> **The data**

[Start of section]

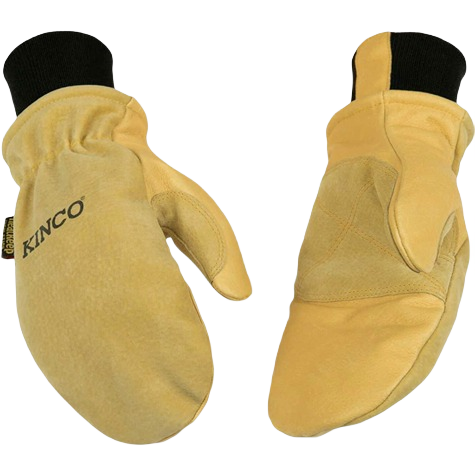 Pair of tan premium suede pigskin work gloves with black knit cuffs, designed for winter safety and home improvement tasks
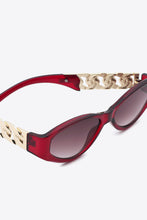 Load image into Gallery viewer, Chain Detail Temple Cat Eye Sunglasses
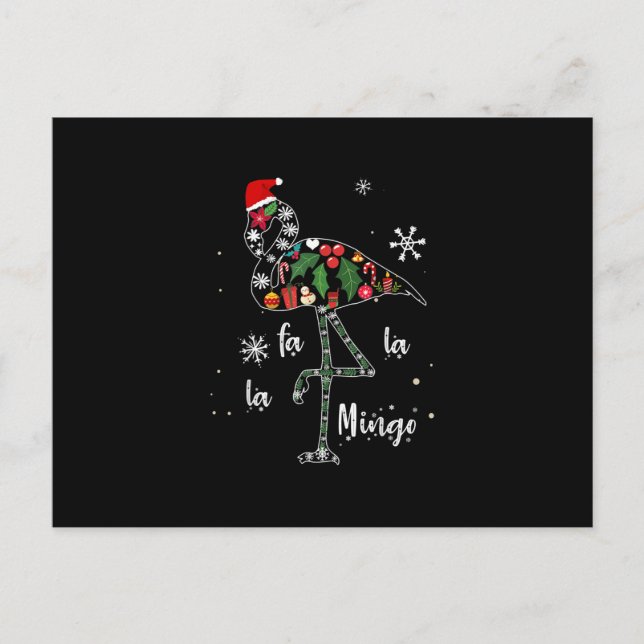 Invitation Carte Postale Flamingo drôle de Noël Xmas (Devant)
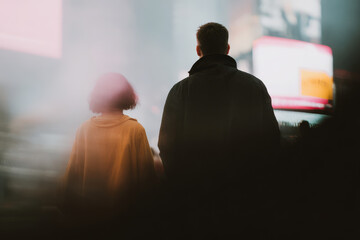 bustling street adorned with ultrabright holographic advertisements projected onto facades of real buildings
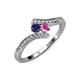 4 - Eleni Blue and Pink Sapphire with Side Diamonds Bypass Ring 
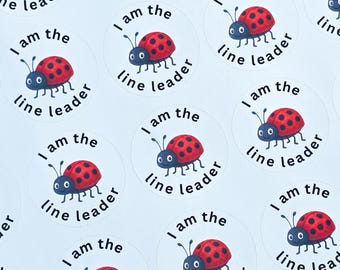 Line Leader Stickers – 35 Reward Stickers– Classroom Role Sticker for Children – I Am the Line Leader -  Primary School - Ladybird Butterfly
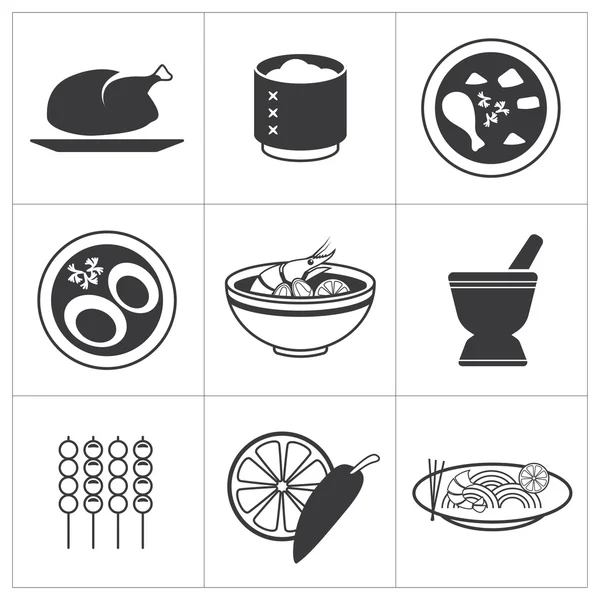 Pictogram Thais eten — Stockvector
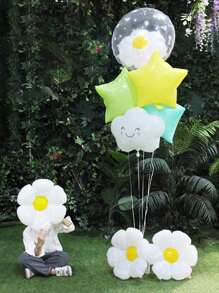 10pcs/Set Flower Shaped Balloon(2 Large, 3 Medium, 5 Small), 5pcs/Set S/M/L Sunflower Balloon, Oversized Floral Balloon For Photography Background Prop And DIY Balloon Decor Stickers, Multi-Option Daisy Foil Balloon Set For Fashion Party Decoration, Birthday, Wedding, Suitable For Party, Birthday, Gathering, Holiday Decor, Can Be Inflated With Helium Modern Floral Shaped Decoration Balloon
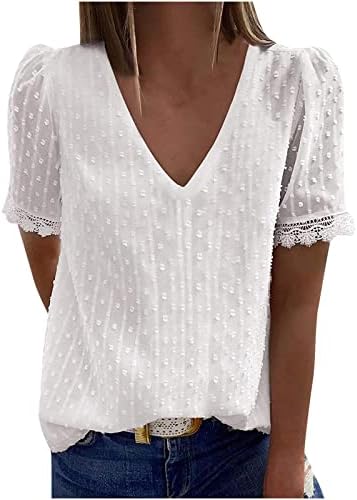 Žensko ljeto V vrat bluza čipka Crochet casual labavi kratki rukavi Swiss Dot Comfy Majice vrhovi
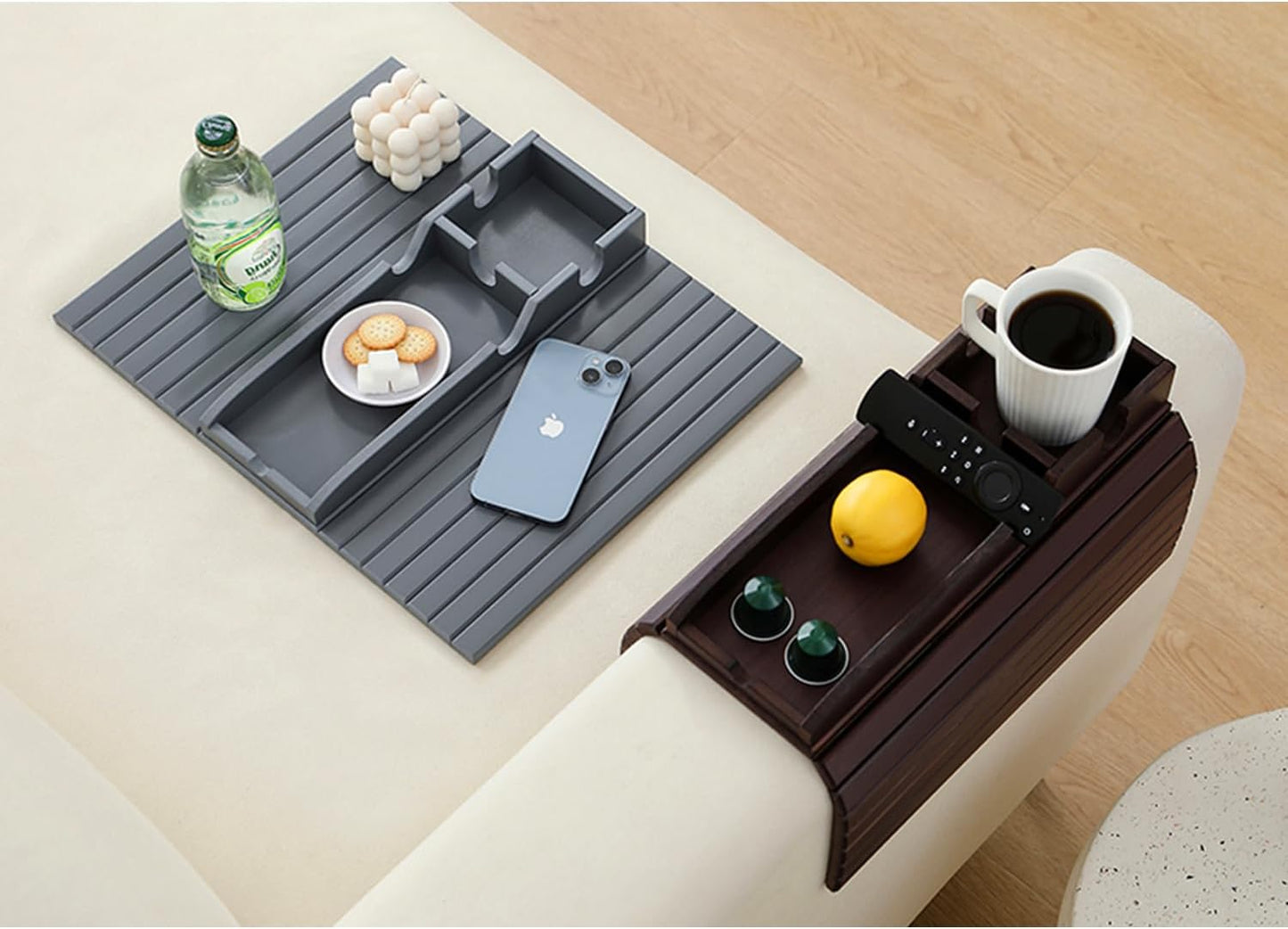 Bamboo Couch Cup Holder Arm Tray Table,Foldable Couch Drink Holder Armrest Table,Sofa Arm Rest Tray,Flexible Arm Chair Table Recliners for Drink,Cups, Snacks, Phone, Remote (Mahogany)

[End of section]
[Start of section]

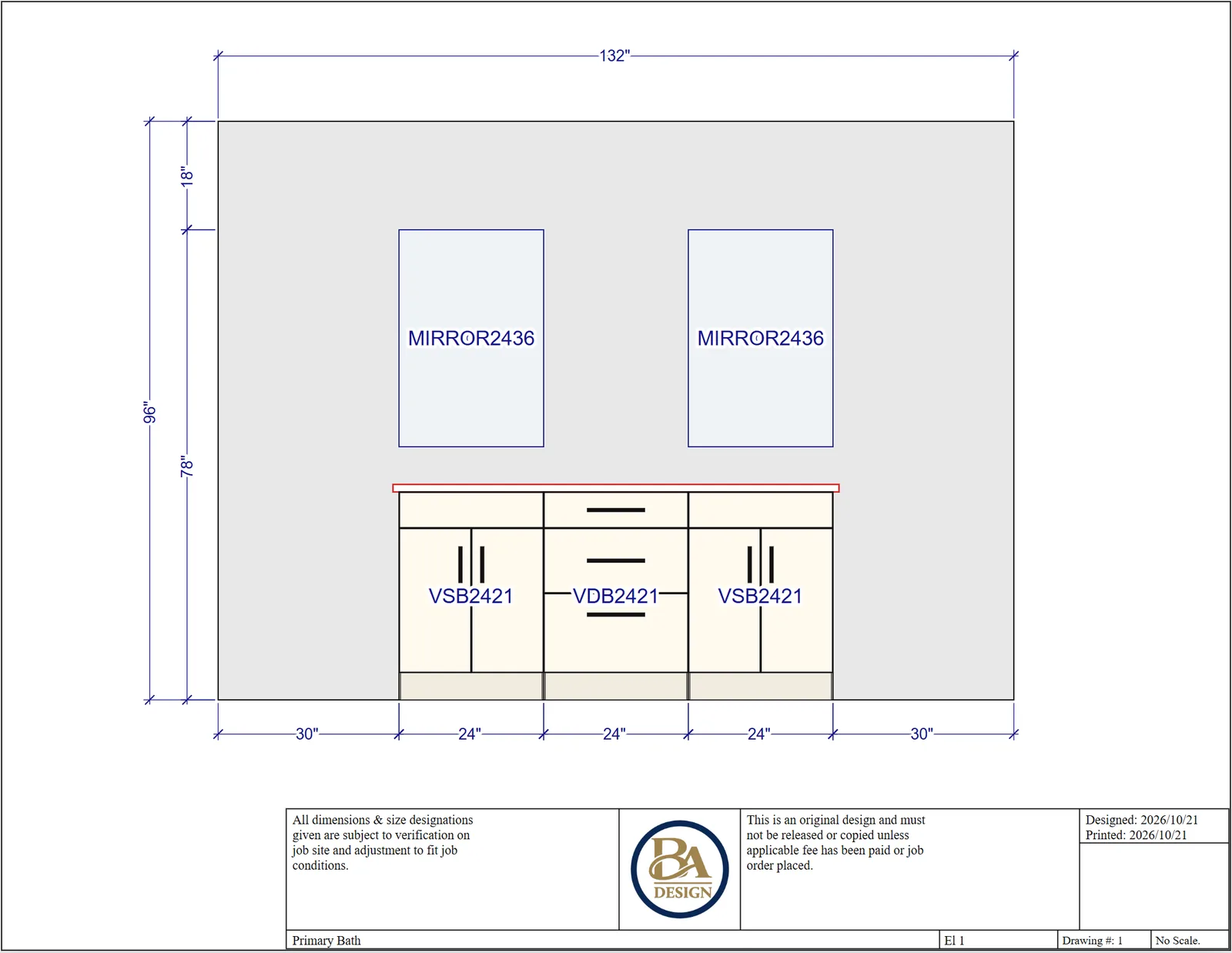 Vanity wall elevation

[End of section]

> **Required action**
In the data above, find the line containing "Pictogram Thais eten — Stockvector" and the line containing "Bamboo Couch Cup". Copy exactly the stretch from the first through the second, both included, leaving out any picture.

> **Output of the exercise**
 Pictogram Thais eten — Stockvector
 10pcs/Set Flower Shaped Balloon(2 Large, 3 Medium, 5 Small), 5pcs/Set S/M/L Sunflower Balloon, Oversized Floral Balloon For Photography Background Prop And DIY Balloon Decor Stickers, Multi-Option Daisy Foil Balloon Set For Fashion Party Decoration, Birthday, Wedding, Suitable For Party, Birthday, Gathering, Holiday Decor, Can Be Inflated With Helium Modern Floral Shaped Decoration Balloon
 Žensko ljeto V vrat bluza čipka Crochet casual labavi kratki rukavi Swiss Dot Comfy Majice vrhovi
 Bamboo Couch Cup Holder Arm Tray Table,Foldable Couch Drink Holder Armrest Table,Sofa Arm Rest Tray,Flexible Arm Chair Table Recliners for Drink,Cups, Snacks, Phone, Remote (Mahogany)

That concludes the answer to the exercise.